The ad industry's self-regulator is still not satisfied with Sprint's efforts to make its 50% off promotions more clear to consumers, and it's asking the FCC to step in.


The Federal Communications Commission is being asked to look into Sprint's "Save 50%" advertising claims.

The National Advertising Division, a self-regulating body within the advertising industry, said Friday that it wants the FCC to review Sprint's ads, after the wireless company failed to revise its claims that customers could slash their phone bills by 50 percent.

NAD investigated Sprint's advertising claims earlier this year following complaints from T-Mobile, which accused Sprint of misleading customers by not clearly showing its rate comparisons only applied to specific T-Mobile plans. T-Mobile also took issue with Sprint's $36 activation fee, which wasn't described in advertised comparisons. Sprint offered fine print in its ads explaining the details of its plans, but NAD sided with T-Mobile and said that was not enough.

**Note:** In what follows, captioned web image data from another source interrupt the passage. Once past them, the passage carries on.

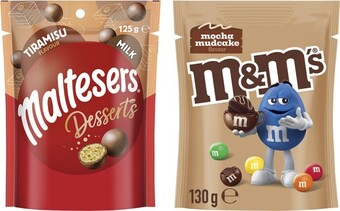 Coles Mars m&m's, maltesers or pods 120g-180g offer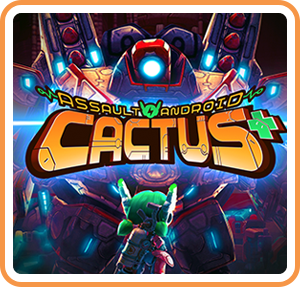 Front Cover for Assault Android Cactus (Nintendo Switch) (download release): 1st version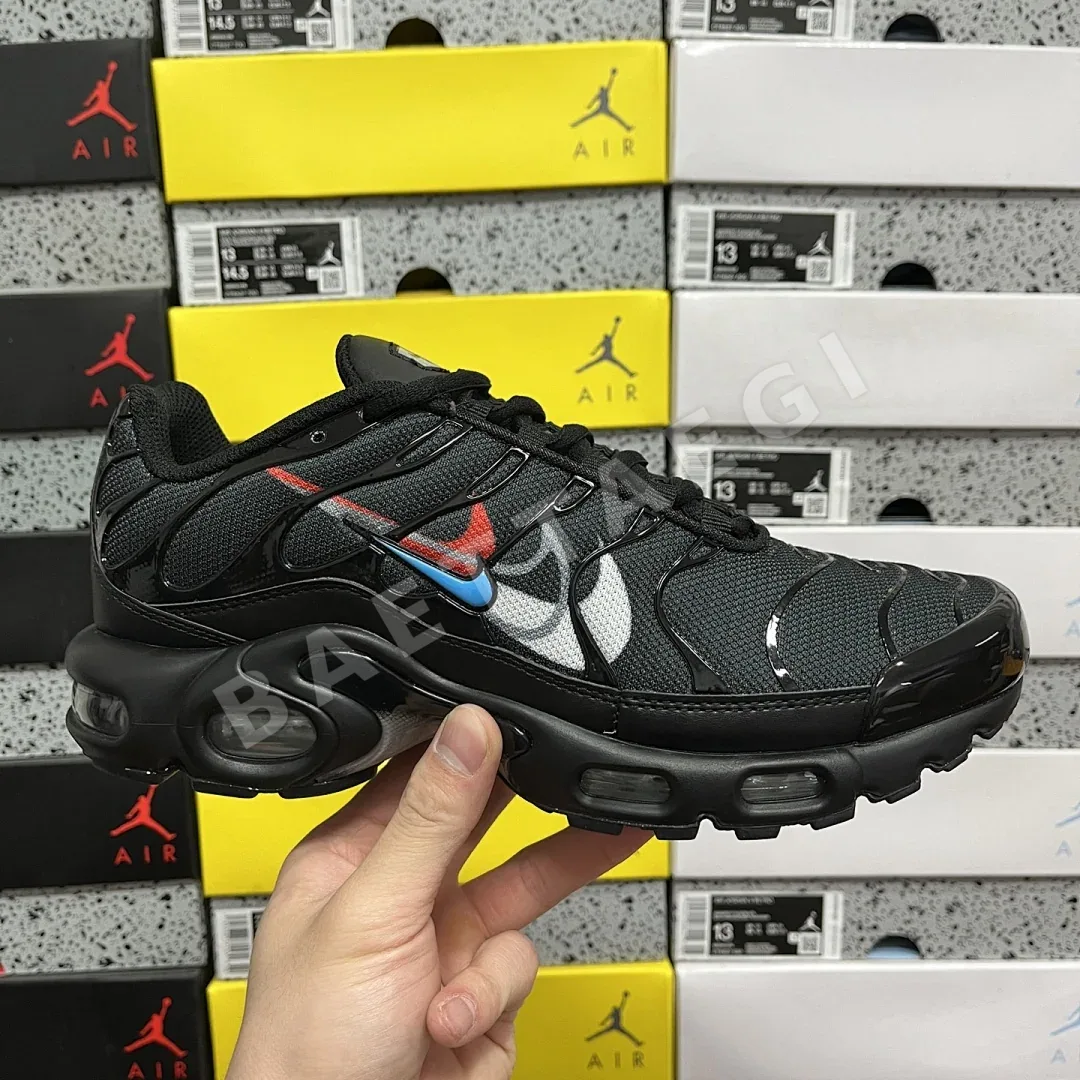 나이키 [DF] 에어 맥스 플러스 FJ4224-001 201067 Nike Air Max Plus Multi Swoosh Black 상세 이미지 8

In June, the group issued a report, which determined that the primary message in Sprint's TV commercials that consumers could get the same rate plan for half the cost simply by switching to Sprint, wasn't accurate. It offered several suggestions to Sprint to revise its advertising.

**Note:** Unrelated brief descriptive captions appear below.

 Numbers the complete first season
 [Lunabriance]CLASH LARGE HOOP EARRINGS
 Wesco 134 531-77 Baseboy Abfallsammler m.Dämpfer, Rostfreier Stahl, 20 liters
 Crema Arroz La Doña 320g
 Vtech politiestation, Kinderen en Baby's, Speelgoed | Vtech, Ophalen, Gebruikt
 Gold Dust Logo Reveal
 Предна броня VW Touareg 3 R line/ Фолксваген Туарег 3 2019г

Sprint agreed to some, but not all of the suggestions. Upon review of the new advertising, NAD said Sprint still didn't make clear its claims to consumers. Specifically, it said that TV and radio ads that offered rate plan comparisons were simply too detailed to fully explain in a 15 or 30 second radio or TV spot.

Sprint said in a statement to CNET that it is continuing to work with NAD, but it still has reservations about all of NAD's suggestions.

"Based on its latest review, we have agreed to make additional changes to these ads to ensure they are even clearer for consumers," the company's emailed statement said. "However, we disagree with NAD's suggestion that our TV and radio spots should only mention one competitor."

Because of its failure to fully comply with its recommendations, NAD is asking the FCC to look into the matter. If the agency agrees with NAD, it could impose a fine against Sprint. In 2015, the agency fined AT&T $100 million for misleading customers about its unlimited mobile data plans.

The FCC didn't respond for comment.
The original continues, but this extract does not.